(Extracted records begins)

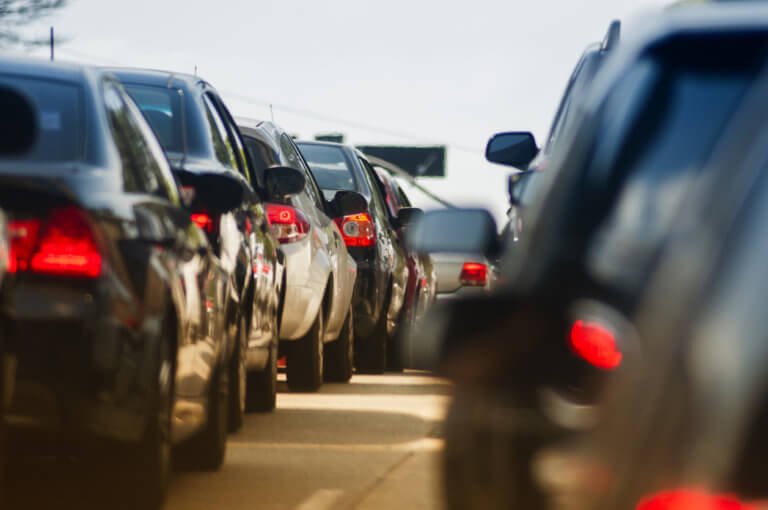 Lines of cars stuck in a traffic jam.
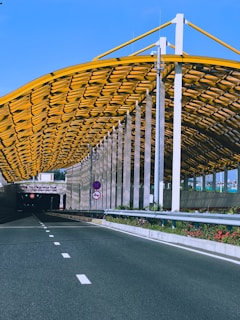 An empty road leading into a tunnel with a modern design. The tunnel entrance is adorned with a yellow geometric structure, and there are traffic signs and green foliage lining the roadway.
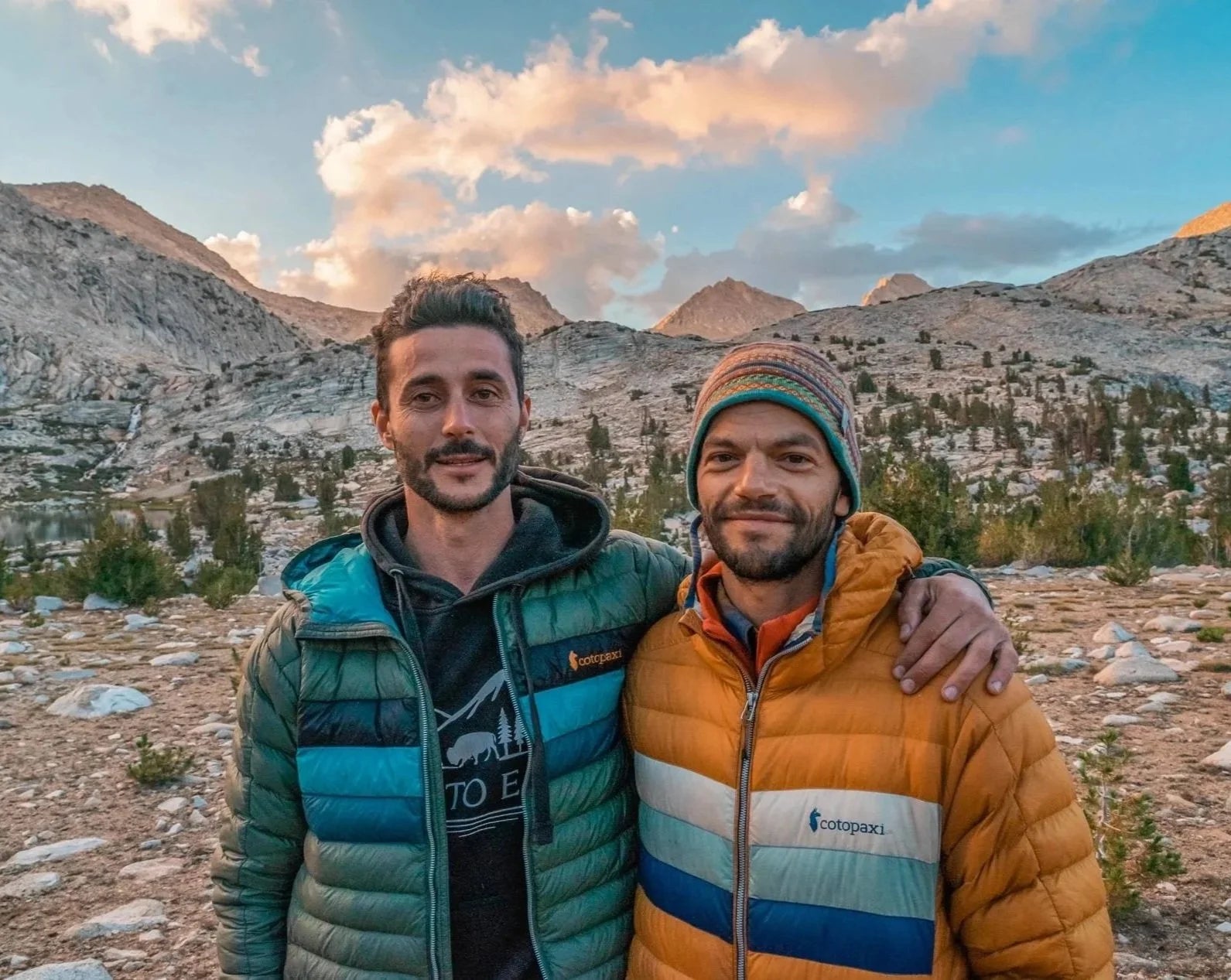 Two men in the mountains at sunset
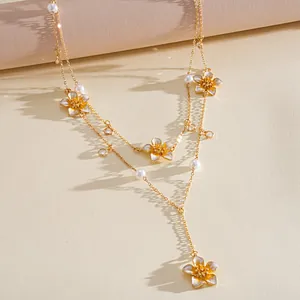 Detail view of a double-layered gold necklace with enamel flowers and pearls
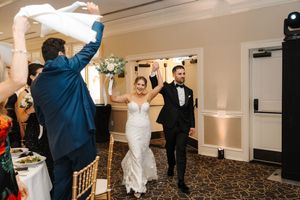 Newlyweds make their grand entrance at wedding reception while guests wave napkins in celebration.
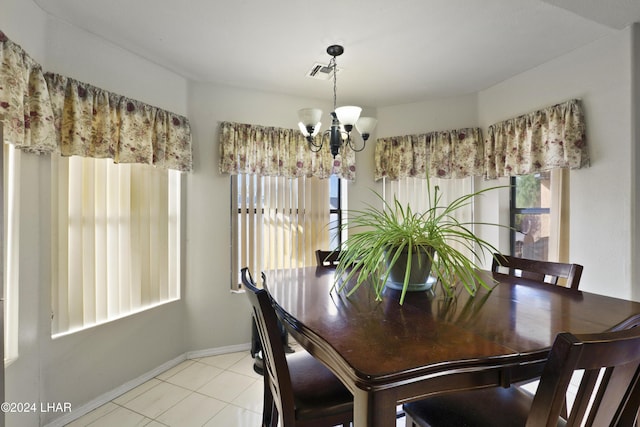 tiled dining area with an inviting chandelier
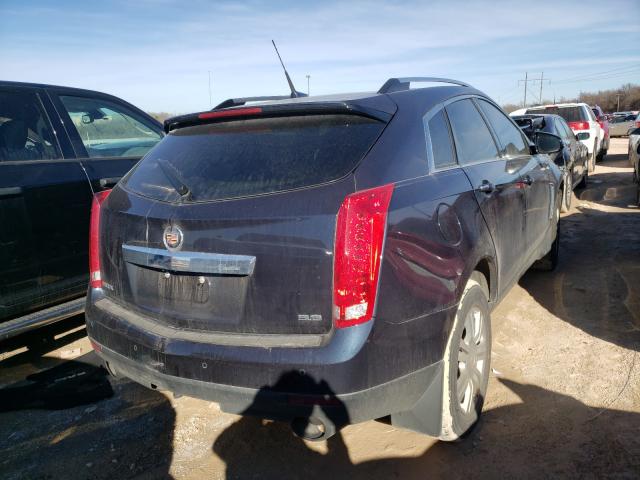 Photo 3 VIN: 3GYFNBE38ES562328 - CADILLAC SRX LUXURY 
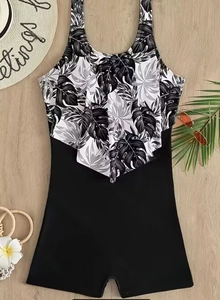 Detail of ruffled black and white leaf print swimsuit with sunglasses and sunhat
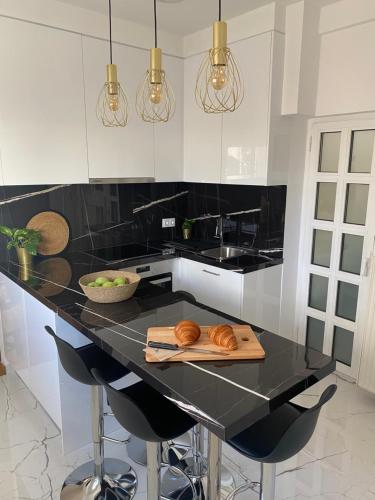 eine Küche mit einer schwarzen Theke mit Croissants auf einem Schneidebrett in der Unterkunft Kolonaki 1 bedroom and 1 Sofabed Amazing Penthouse flat in Athen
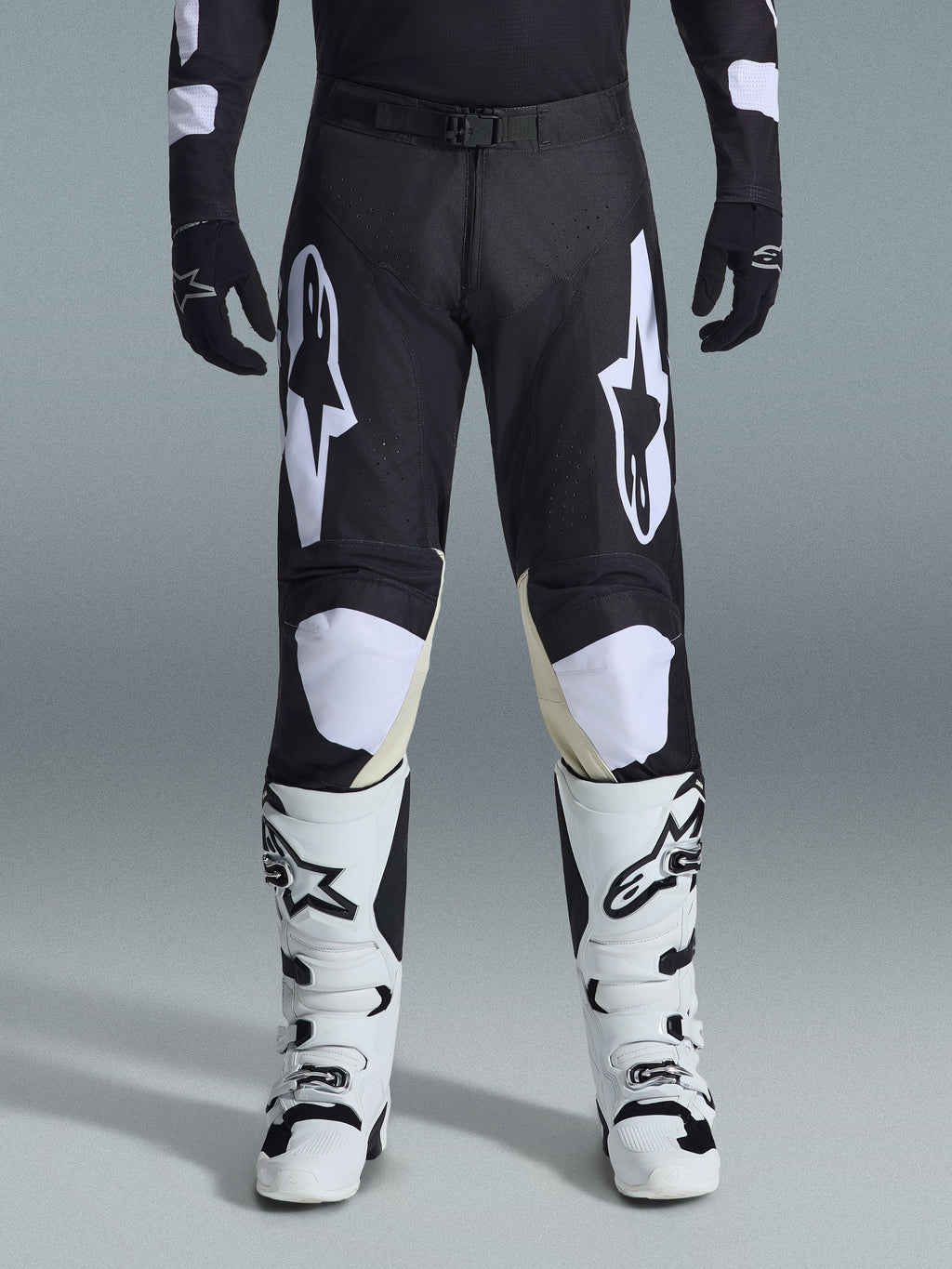 Alpinestars 2026 Racer Air Riway-byxor, motocrossbyxor, svarta och vita, med framträdande vita Alpinestars-logotyper på låren och knäpanelerna, kombinerat med vita och svarta motocross-stövlar och svarta handskar, atletisk race-fit-design för terrängkörning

(Extracted records ends)

■ **Activity**
The lines wanted run from the one with "eine Küche mit" through the final line of the data; repeat them word for word and skip every picture.

■ **Task answer**
 eine Küche mit einer schwarzen Theke mit Croissants auf einem Schneidebrett in der Unterkunft Kolonaki 1 bedroom and 1 Sofabed Amazing Penthouse flat in Athen
 Alpinestars 2026 Racer Air Riway-byxor, motocrossbyxor, svarta och vita, med framträdande vita Alpinestars-logotyper på låren och knäpanelerna, kombinerat med vita och svarta motocross-stövlar och svarta handskar, atletisk race-fit-design för terrängkörning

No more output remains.